FBTFT on BeagleBone Black running Debian.

SPI

The BeagleBone Black has 2 SPI busses:

  • spi0 has 1 Chip Select
  • spi1 has 2 Chip Selects

spi1 and HDMI both uses P9.29 so HDMI (mcasp0_fsx) has to be disabled for spi1 (spi1_d0 MISO) to be used.

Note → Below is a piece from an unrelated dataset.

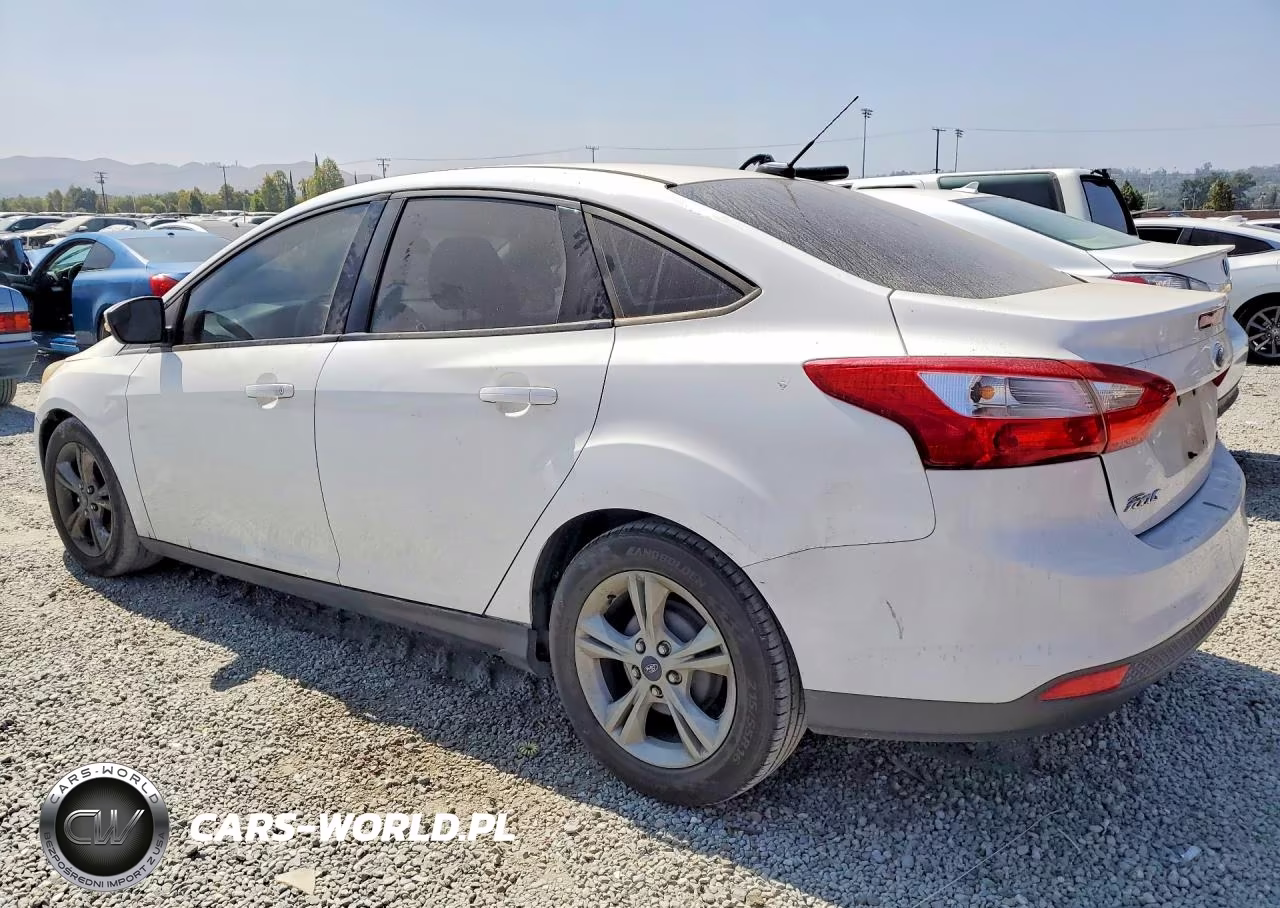2014 Ford Focus Se VIN:1FADP3F27EL110840 - 2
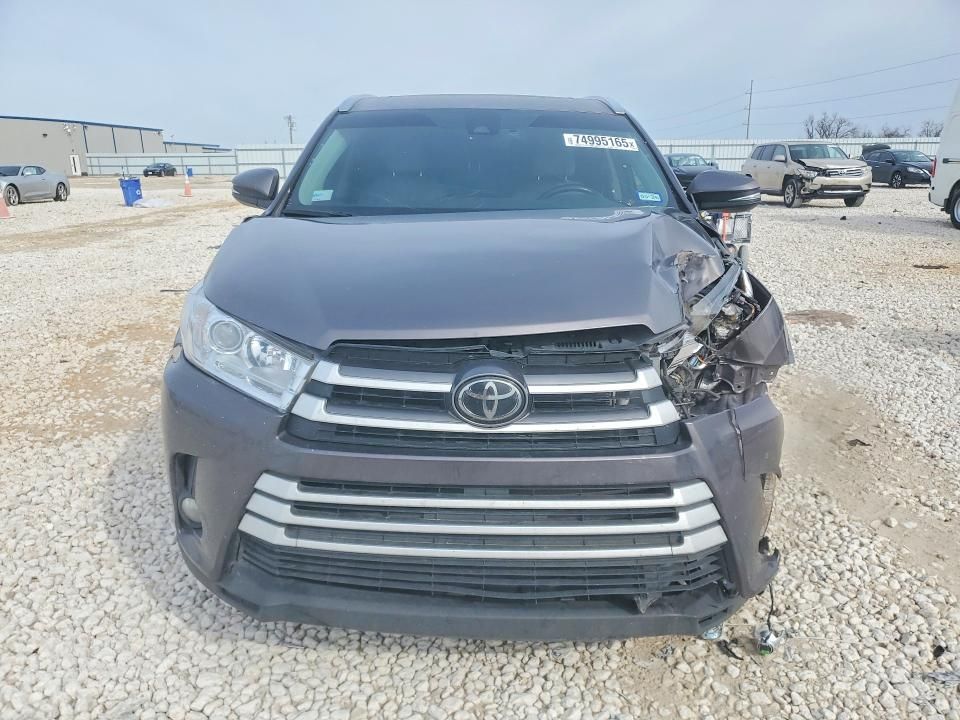 2017 Toyota Highlander se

This means that displays with a SPI LCD controller and a SPI touch controller can't have HDMI enabled if one SPI bus is used for both lcd and touch.
Custom displays that use both SPI busses can have HDMI enabled if spi0 is used for touch (has MISO) and spi1 is used for lcd (don't need MISO) (at least in theory, not tested).

Refs:

Disable HDMI

HDMI is enabled by default in the Device Tree using capemgr.
Default setup without capes:

$ cat /sys/devices/bone_capemgr.*/slots
 0: 54:PF---
 1: 55:PF---
 2: 56:PF---
 3: 57:PF---
 4: ff:P-O-L Bone-LT-eMMC-2G,00A0,Texas Instrument,BB-BONE-EMMC-2G
 5: ff:P-O-L Bone-Black-HDMI,00A0,Texas Instrument,BB-BONELT-HDMI

Status field explanation:

P - Probed
F - Probe failed
O - Override
l - Loading
L - Loaded

Disable HDMI by uncommenting a line in uEnv.txt.
/boot/uboot/uEnv.txt

##Disable HDMI
cape_disable=capemgr.disable_partno=BB-BONELT-HDMI,BB-BONELT-HDMIN

After reboot the HDMI virtual capes are now disabled (not Loaded):

$ cat /sys/devices/bone_capemgr.*/slots
 0: 54:PF---
 1: 55:PF---
 2: 56:PF---
 3: 57:PF---
 4: ff:P-O-L Bone-LT-eMMC-2G,00A0,Texas Instrument,BB-BONE-EMMC-2G
 5: ff:P-O-- Bone-Black-HDMI,00A0,Texas Instrument,BB-BONELT-HDMI
 6: ff:P-O-- Bone-Black-HDMIN,00A0,Texas Instrument,BB-BONELT-HDMIN

Ref:

Expand root filesystem

Check that there's space left on the root filesystem:

$ df -h
Filesystem      Size  Used Avail Use% Mounted on
rootfs          1.6G  1.5G  1.5M 100% /

Expand it to use the whole SD card:

$ sudo /opt/scripts/tools/grow_partition.sh
$ sudo reboot

FBTFT drivers

Follow Out of tree build to build and install the drivers.
The drivers are in drivers/staging/fbtft since 4.0.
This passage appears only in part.